Using EntityManager merge operation
When trying the JPA merge
operation:
doInJPA(entityManager -> { for ( Post post: posts ) { entityManager.merge( post ); } });
Hibernate generates the following statements:
SELECT p.id AS id1_0_1_, p.title AS title2_0_1_, c.post_id AS post_id3_1_3_, c.id AS id1_1_3_, c.id AS id1_1_0_, c.post_id AS post_id3_1_0_, c.review AS review2_1_0_ FROM post p LEFT OUTER JOIN post_comment c ON p.id = c.post_id WHERE p.id = 1 SELECT p.id AS id1_0_1_, p.title AS title2_0_1_, c.post_id AS post_id3_1_3_, c.id AS id1_1_3_, c.id AS id1_1_0_, c.post_id AS post_id3_1_0_, c.review AS review2_1_0_ FROM post p LEFT OUTER JOIN post_comment c ON p.id = c.post_id WHERE p.id = 3 SELECT p.id AS id1_0_1_, p.title AS title2_0_1_, c.post_id AS post_id3_1_3_, c.id AS id1_1_3_, c.id AS id1_1_0_, c.post_id AS post_id3_1_0_, c.review AS review2_1_0_ FROM post p LEFT OUTER JOIN post_comment c ON p.id = c.post_id WHERE p.id = 5 Query:[ "update post set title=? where id=?"], Params:[ (Vlad Mihalcea's High-Performance Java Persistence, Part no. 0, 1), (Vlad Mihalcea's High-Performance Java Persistence, Part no. 1, 3), (Vlad Mihalcea's High-Performance Java Persistence, Part no. 2, 5) ] Query:[ "update post_comment set post_id=?, review=? where id=?" ], Params:[ (1, Excellent read!, 2), (3, Excellent read!, 4), (5, Excellent read!, 6) ]

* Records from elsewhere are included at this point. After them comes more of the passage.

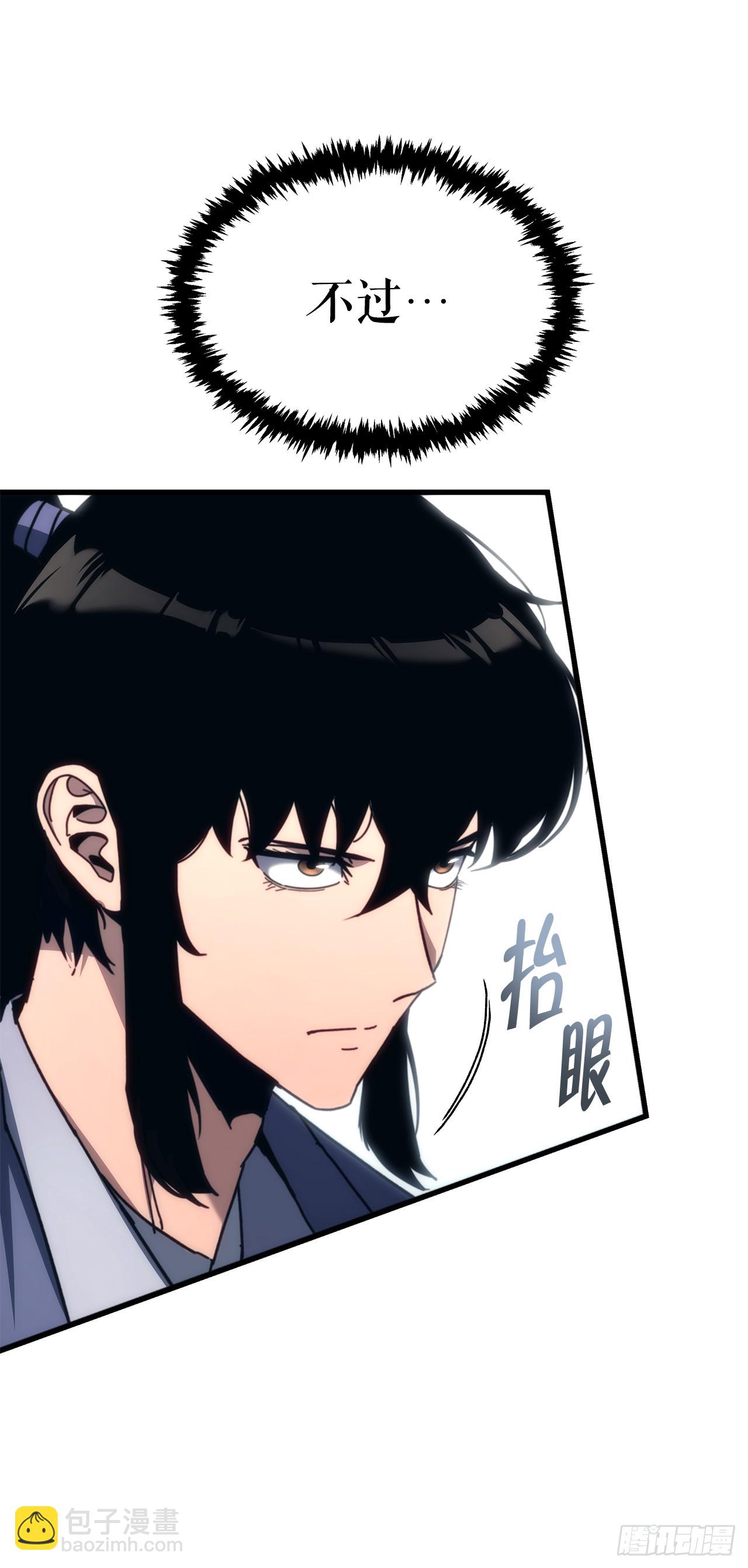 🍲重生魔神传 11.唐虎山与唐坤 第10页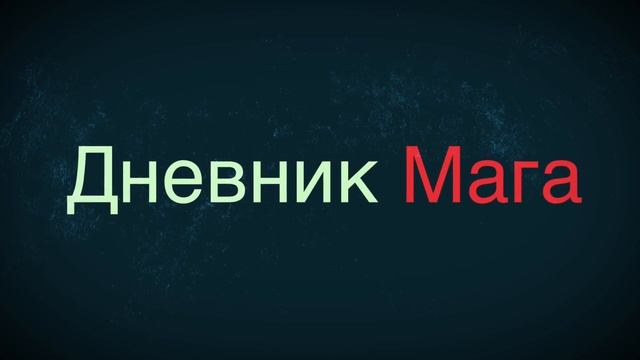Продать душу дьяволу. Миф или реальность? смотреть онлайн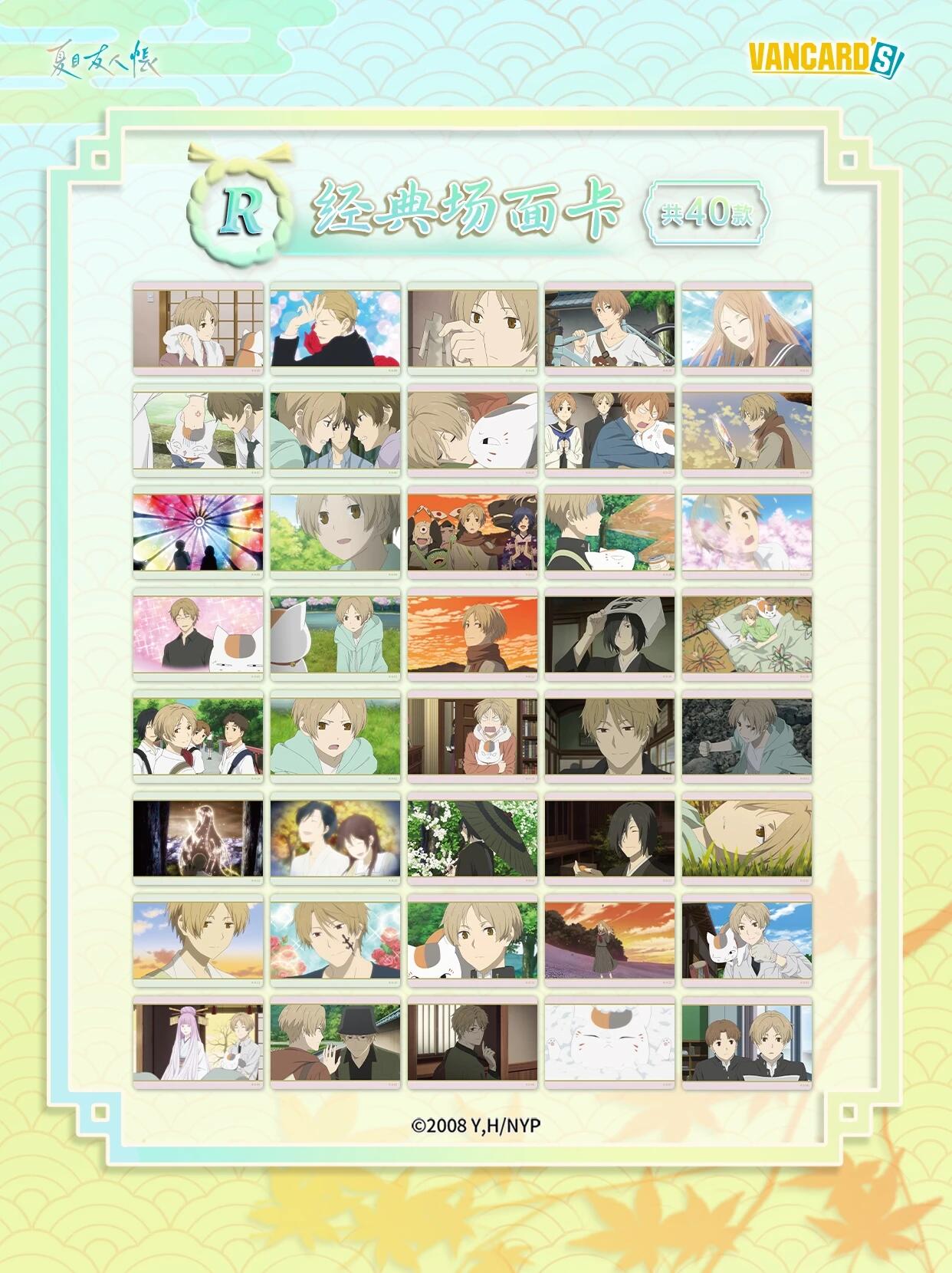 Natsume's Book of Friends Bond Book R scene card lineup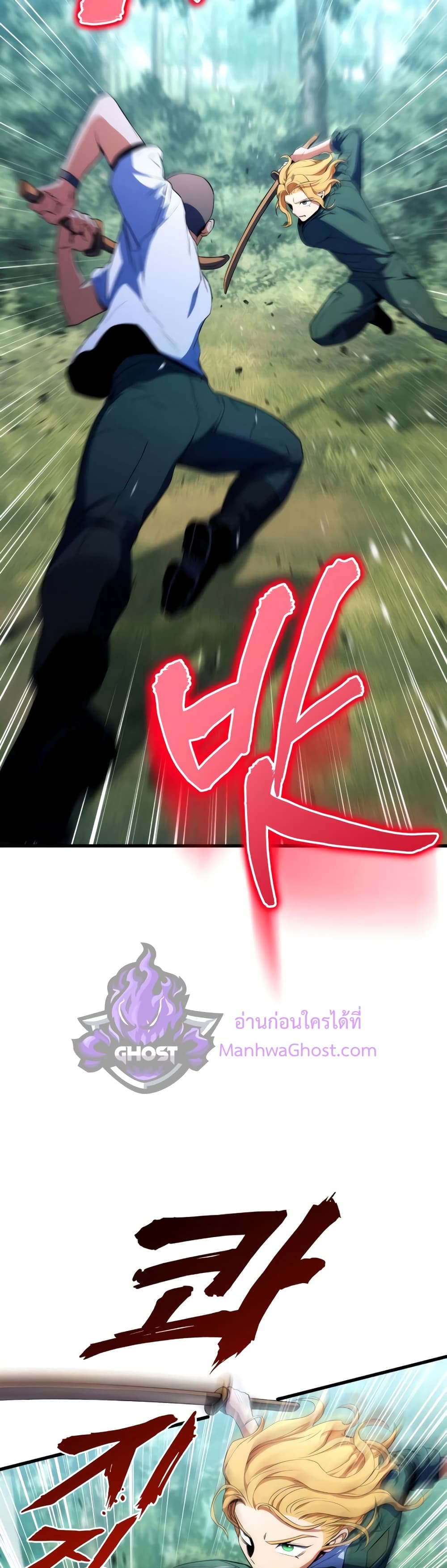 Kill the Dragon page 9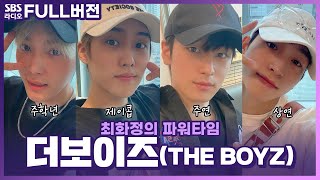 [FULL] 더비들 취향저격💋 청량으로 돌아온 더보이즈(THE BOYZ) 보는 라디오 | 주학년, 제이콥, 주연, 상연 | 최화정의 파워타임 | 210817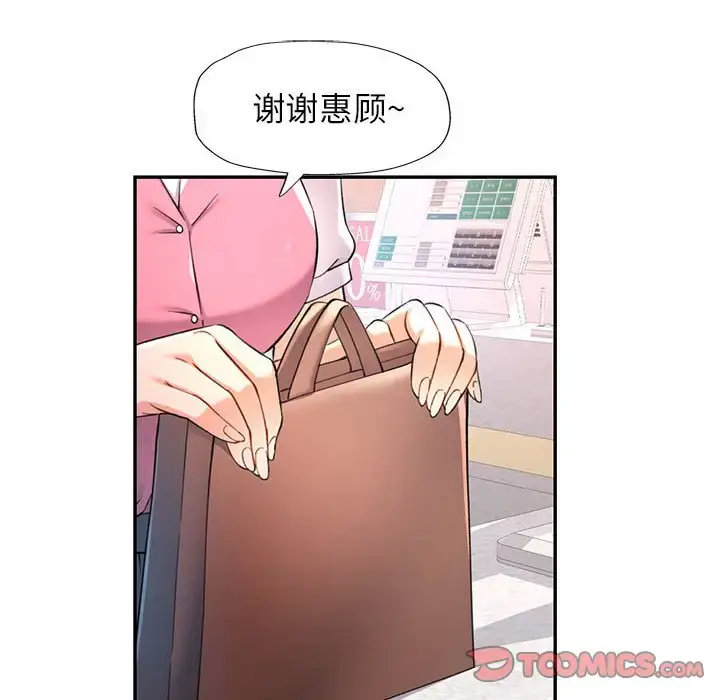 12 可以爱你吗_可以爱你吗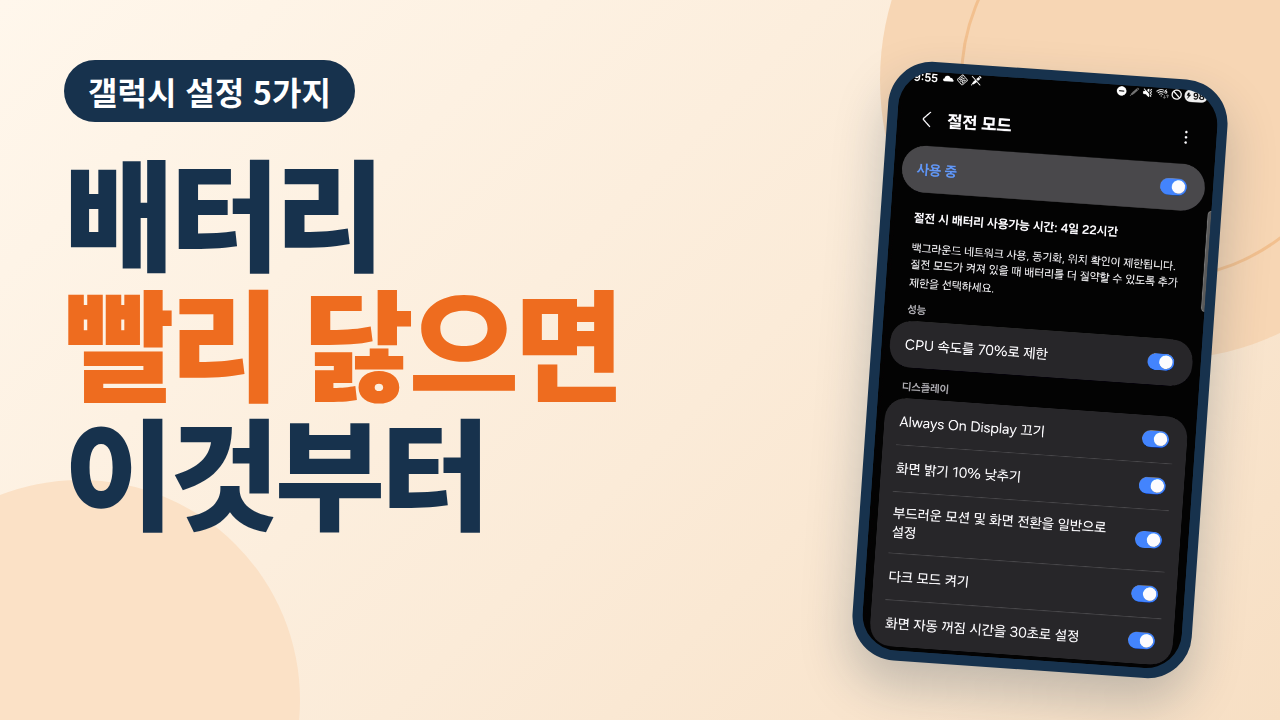 휴대폰 배터리 빨리 닳을 때 갤럭시 설정 5가지 | 무작정따라하기 7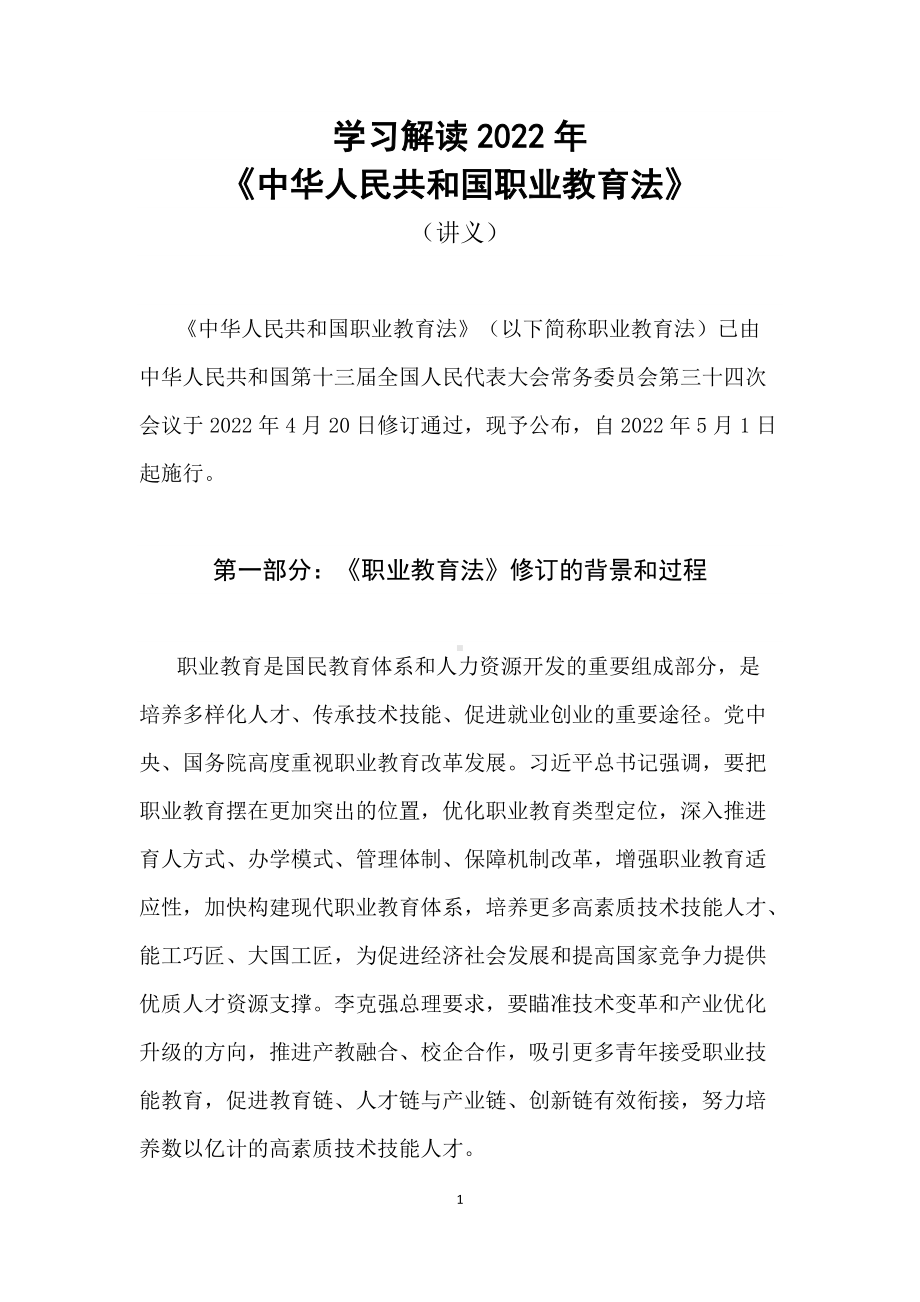 学习解读2022年新修订的《中华人民共和国职业教育法》（讲义修改稿）.docx_第1页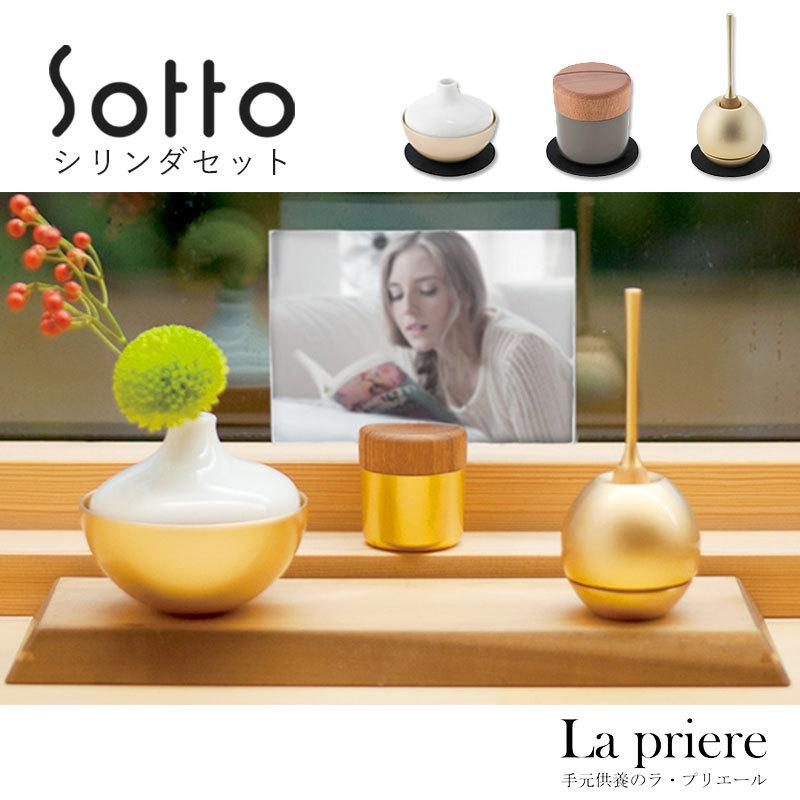 sotto Pictuary sphere そっと, 暮らしに寄り沿う仏具 ピクチュアリ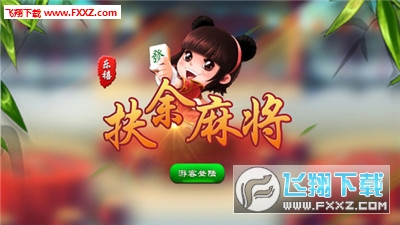 乐禧乾安麻将真的确实是有挂(其实是有挂的)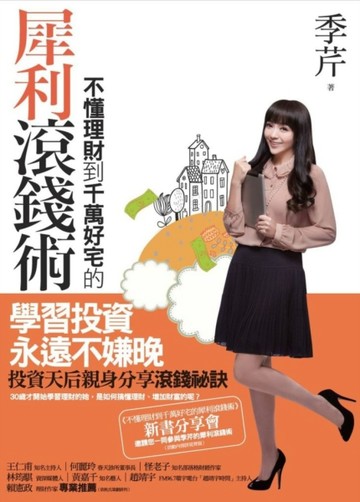 不懂理財到千萬好宅的犀利滾錢術[二手書_良好]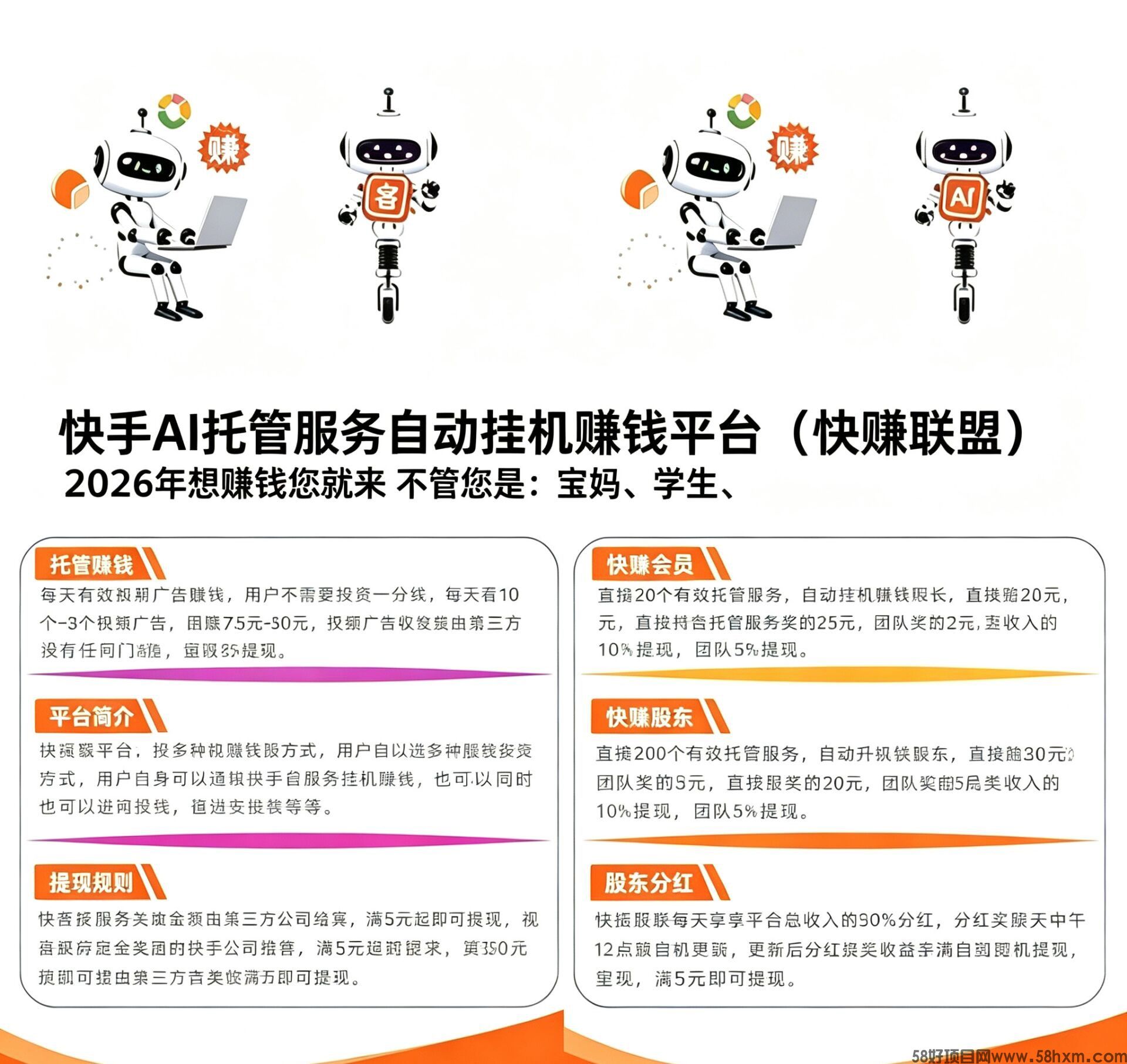 haiou_chat_1374839051106127872_05d29310ab101144f4ea6fb1dc982f93.jpeg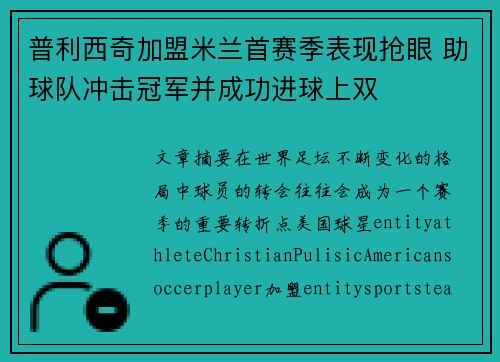 普利西奇加盟米兰首赛季表现抢眼 助球队冲击冠军并成功进球上双 普利西奇加盟米兰首赛季表现抢眼 助球队冲击冠军并成功进球上双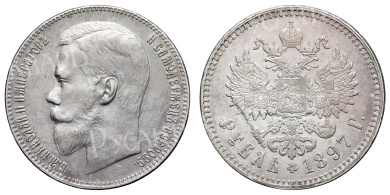 Рубль 1897 год "★★", в слабе NGS, MS 61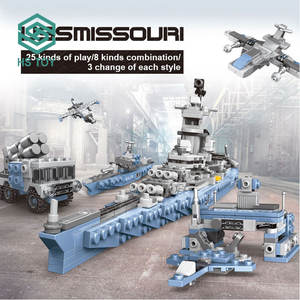 HS 8-en-1 briques de construction éducatives Construction de développement et assemblage de jouets modèles USS <span class=keywords><strong>Missouri</strong></span> <span class=keywords><strong>cuirassé</strong></span> - Product Image 3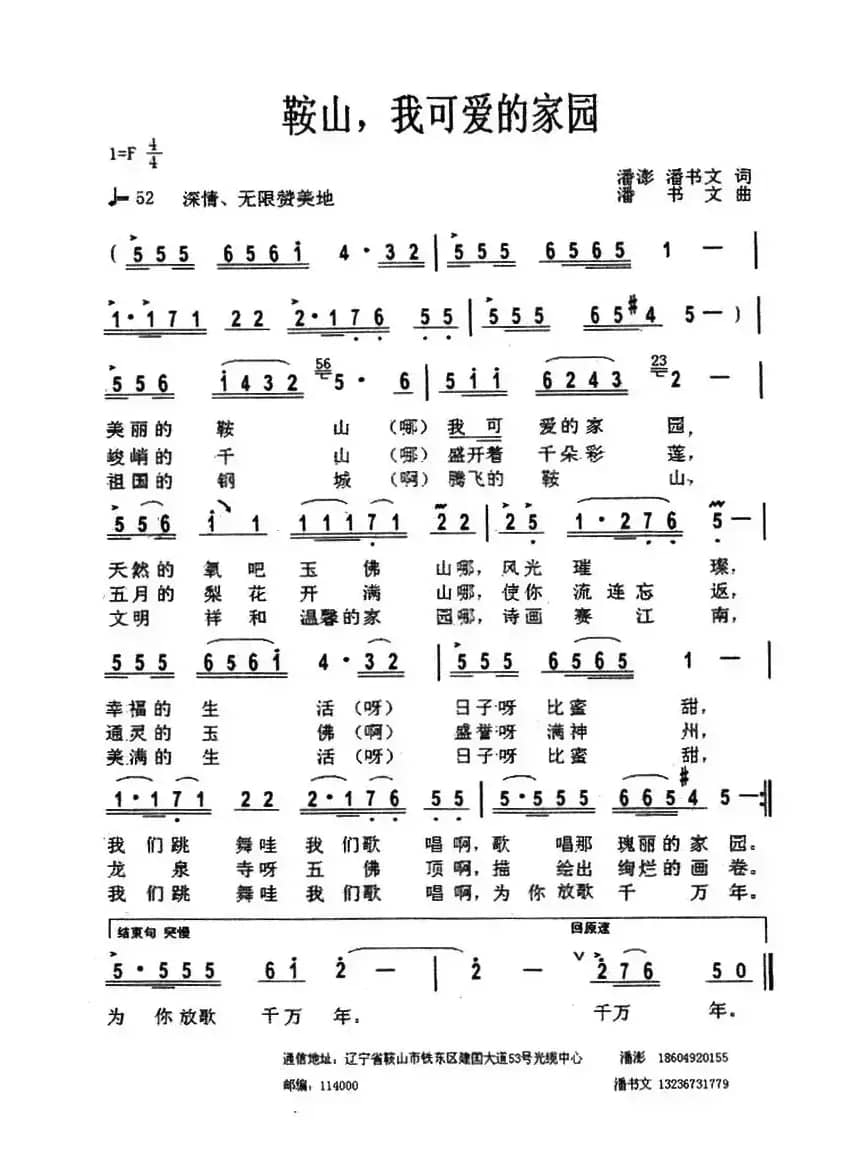 鞍山，我可爱的家园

Apart from the expected UPDATE
statements that were batched properly, we can see 3 additional SELECT statements with a LEFT OUTER JOIN between Post
and PostComment
table rows.
This is undesirable since we could have hundreds of such entities, and each one would require a separate SQL query for the merge
operation.
Using Session update operation
When using the Hibernate-specific Session
update
operation:
doInJPA(entityManager -> { Session session = entityManager.unwrap( Session.class ); for ( Post post: posts ) { session.update( post ); } });
Hibernate generates only the UPDATE SQL statements:
Query:[ "update post set title=? where id=?"], Params:[ (Vlad Mihalcea's High-Performance Java Persistence, Part no. 0, 1), (Vlad Mihalcea's High-Performance Java Persistence, Part no. 1, 3), (Vlad Mihalcea's High-Performance Java Persistence, Part no. 2, 5) ] Query:[ "update post_comment set post_id=?, review=? where id=?" ], Params:[ (1, Excellent read!, 2), (3, Excellent read!, 4), (5, Excellent read!, 6) ]
Much better!
I'm running an online workshop on the 11th of October about High-Performance SQL.If you enjoyed this article, I bet you are going to love my Book and Video Courses as well.
Conclusion
While the merge
operation is safer since it introspects the 1st-level transactional write-behind cache and will work even if we already have that entity attached in the currently running Persistence Context, the update
operation is much more efficient for entity batch processing.
One caveat where update
is not suitable is when using versionelss optimistic locking since the SELECT
statement is going to be issued anyway. This is because Hibernate needs the disassembled state
in order to provide the load-time property values used as WHERE clause predicates.